Konsumorientierung ist ein zentrales Merkmal der Postmoderne. Der Mensch hat die Religion abgestreift, er geht nicht mehr in die Kirche sondern betet nun an im „Konsumtempel“. Amerikanische „Malls“ machen es vor und schwappen nach Europa, und auch nach Deutschland. Freizeit kann nun vollständig mit Konsum ausgefüllt werden. Der Alltag wird zu einer Welt des Konsums und ist im Sinn des pm Menschen nicht ein Ort, wo man möglicherweise seine Seele verlieren bzw., positiv ausgedrückt, wahres Leben finden kann. Pasolini führte in den 1970ern den Begriff des „Konsumismus“ ein, um diese Entwicklung in der westlichen Welt zu beschreiben. Der pm Mensch ist konsumhungrig, erliegt seinem Kaufraum und leidet oft unter Kaufzwang. Werbung kreiert Bedürfnisse, die der Verbraucher eigentlich nicht hat und leitet ihn fatalerweise in einen endlosen Kreislauf der „pursuits of wants“ (Wells, S.41) – “one product after another in a never-ending chain of purchase” (ibid.). Der pm Mensch definiert sein Selbst darüber, wie viel und was er konsumieren kann – und dadurch nach außen hin darzustellen vermag (Einfluss auf Selbstkonzept). Wells kommentiert anschaulich: „We move as nomads from one oasis to another, ever shopping and never stopping, defining ourselves only by what is present and by what can be purchased and experienced.“ (S.89).
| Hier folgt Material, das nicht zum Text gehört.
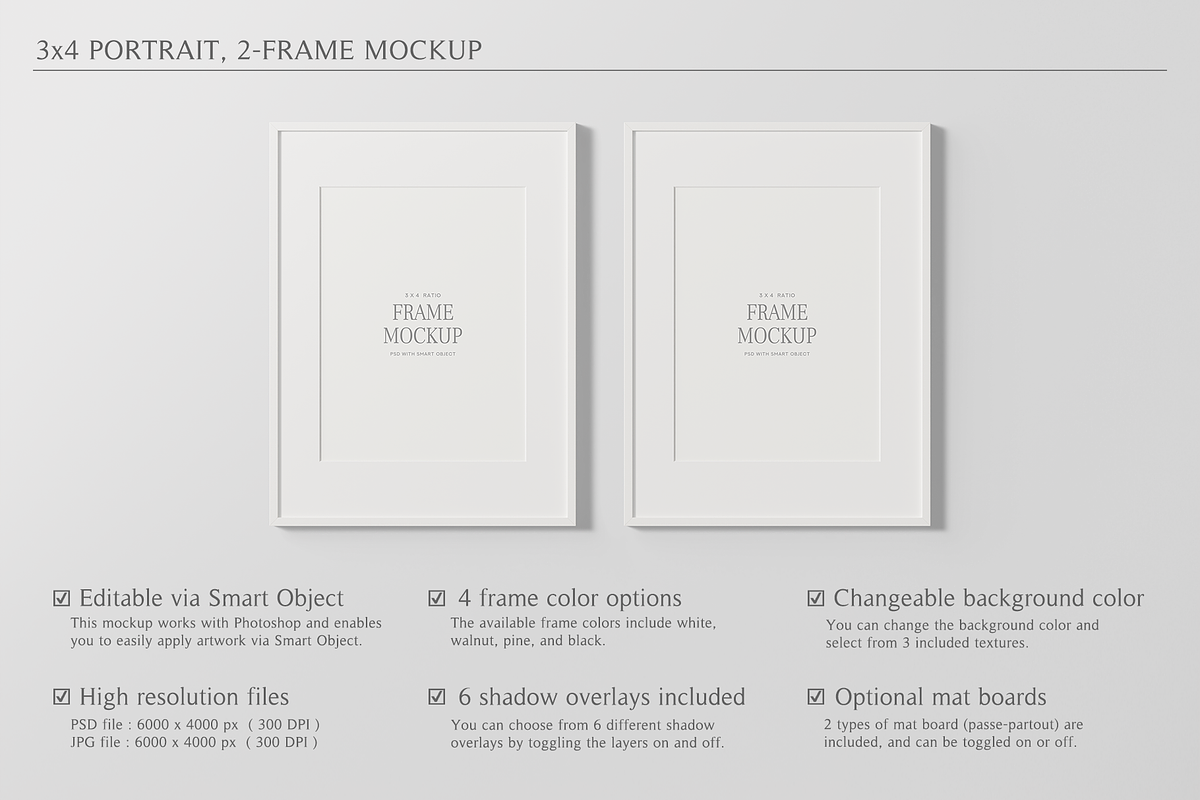 3x4 Portrait, 2 Frame Mockup, a Household Mockup by Lelu Art Design (Photo 6 of 11)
Was sind die Ursachen? Es liegt auf der Hand, dass der Konsumismus eine Möglichkeit bietet, das innere Vakuum im postmodernen Menschen auszufüllen. Durch den Verlust absoluter Wahrheit ist der pm Mensch praktisch sinnentleert und folglich auf der Suche nach „Füllung.“ Konsum ist jedoch ein wenig probates Mittel um wahren Hunger nach Sinn und Bedeutung zu stillen. Der Hunger kommt wieder und wieder und ist schließlich unstillbar.
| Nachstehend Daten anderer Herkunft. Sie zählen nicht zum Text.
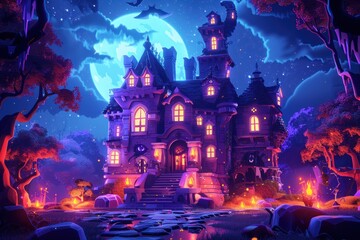 A creepy house with a large moon in the background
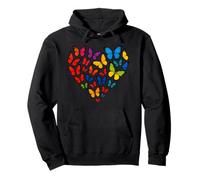 Colorful Butterfly Heart Cute Butterflies Pullover Hoodie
Demgegenüber steht Jesu Angebot in Johannes 10,10: Ich bin gekommen, damit sie Leben haben und es in Überfluß haben. Jesus als das personifizierte Leben (Joh 1,4) ist die einzige Autorität die sinnstiftendes Leben geben kann. Allein Jesus als das Brot des Lebens kann unseren Hunger stillen (Joh 6,35). Jesus entlarvt die Oberflächlichkeit des Konsums. In Jesus ist qualitativ Leben vorhanden, von dem der pm Mensch nicht einmal träumt – unsere Aufgabe ist es, ihm es zu bringen.